The roots of the strikeThe Canadian Pacific Railway did more than bring immigrants and industry to Manitoba, it also brought trade unionism to the province. The huge CPR yards in central Winnipeg employed over 2,000 men by the late 1880s. Many of these skilled trades workers had come from England and Scotland where they been active in a revived British labour movement. Not long after their arrival in Manitoba they formed unions of their own. Soon there were unions for machinists, conductors, brakemen, and engineers. The Canadian National Railway’s decision to build a rail yard in Transcona ensured that that community would have a strong trade-union tradition. A boomtown such as Winnipeg attracted carpenters, plumbers, painters and other construction workers , each of whom soon set up their own unions.
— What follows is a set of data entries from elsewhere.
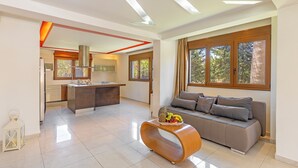 A modern living room with a sofa, a curved coffee table, and a kitchen area with a central island. - Prestige Residence Rhodes - accommodating up to 22 guests! (Ialisos)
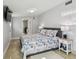 Serene bedroom with nautical-themed bedding, bright natural light, and tiled flooring at 3210 E Maritana Dr, St Pete Beach, FL 33706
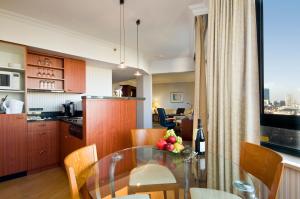 a kitchen with a glass table with a bowl of fruit on it at B-aparthotel Ambiorix in Brussels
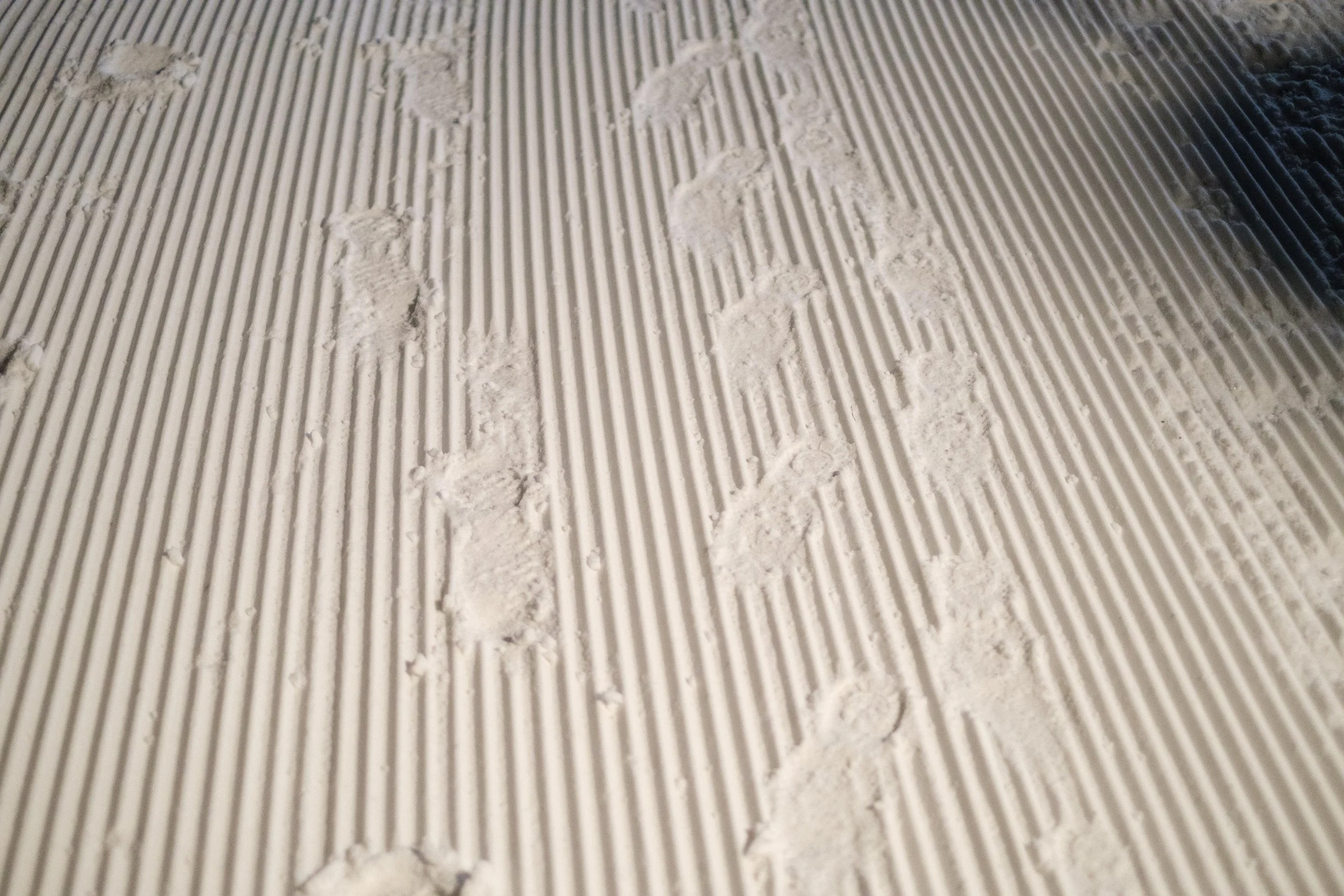 Fußabdrücke im Schneestrand mit gerilltem Muster.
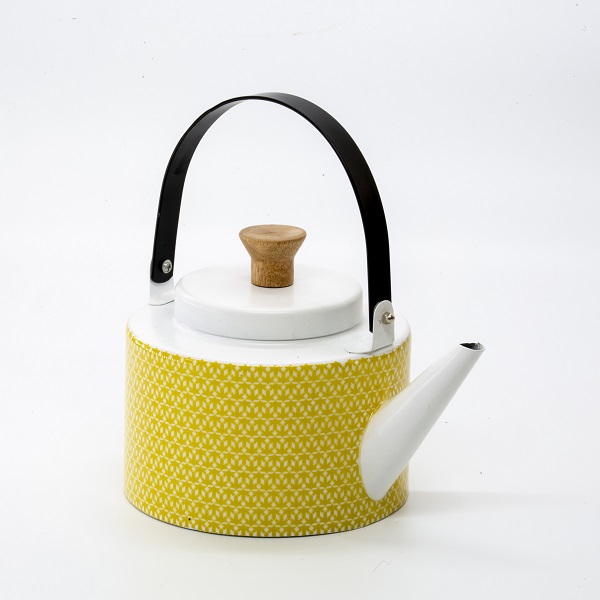 alt="yellow teapot with colorful handle"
There were no labour laws requiring employers to negotiate with unions – or to prevent an employer from firing someone simply for belonging to a union. Most unions simply posted their rates and working conditions—if an employer refused to meet them, the union would go on strike. In other cases, workers did not form a union until after an employer had cut wages and benefits. Many employers took a very hard line with unions. (Ref1, Ref2) The owners of the Vulcan Iron Works, for example, vowed they would never meet or negotiate with a union committee. In 1906 streetcar employees went on strike when two union officers were fired—a move that sparked a violent and bitter strike.
Some union leaders did not believe women workers could be unionized, but working women in Winnipeg began forming their own unions in the late nineteenth century. Winnipeg’s competitive garment trade was hit with numerous labour disputes. In 1893, 75 male and female tailors, all members of the Journeyman Tailors’ Union, struck to protest a pay cut. The strike was defeated when their employers brought in new workers from Toronto. Winnipeg’s first union solely for working women was created in 1899 when, to protest a 20 per cent pay cut, 50 women working for the Emerson and Hague tent and overall company joined the United Garment Workers. After some initial negotiations, the company sparked a strike by firing the union leaders. The strike was lost but the women found work at a new garment factory, which agreed to the union contract. In the summer of 1902, 40 women working at the Paulin-Chambers bakery struck to protest a wage cut. When the women joined the Bakers’ Union, their employer threatened to fire them and hired replacement workers. Most union women worked at jobs that were extensions of women’s traditional domestic roles—cooking, sewing, and cleaning— but some began to show up in less traditional workplaces such a printshops, where they might be accepted into the union. In other cases the wives of male union members might form a ladies auxiliary. A Women’s Labor League had been founded in 1917 to bring together women who were active in the local labour movement. The league raised funds for women on strike, helped in organizing campaigns, and supported women when they were on strike. The League played a leading role in a strike of clerks at the Winnipeg Woolworth’s store in 1917.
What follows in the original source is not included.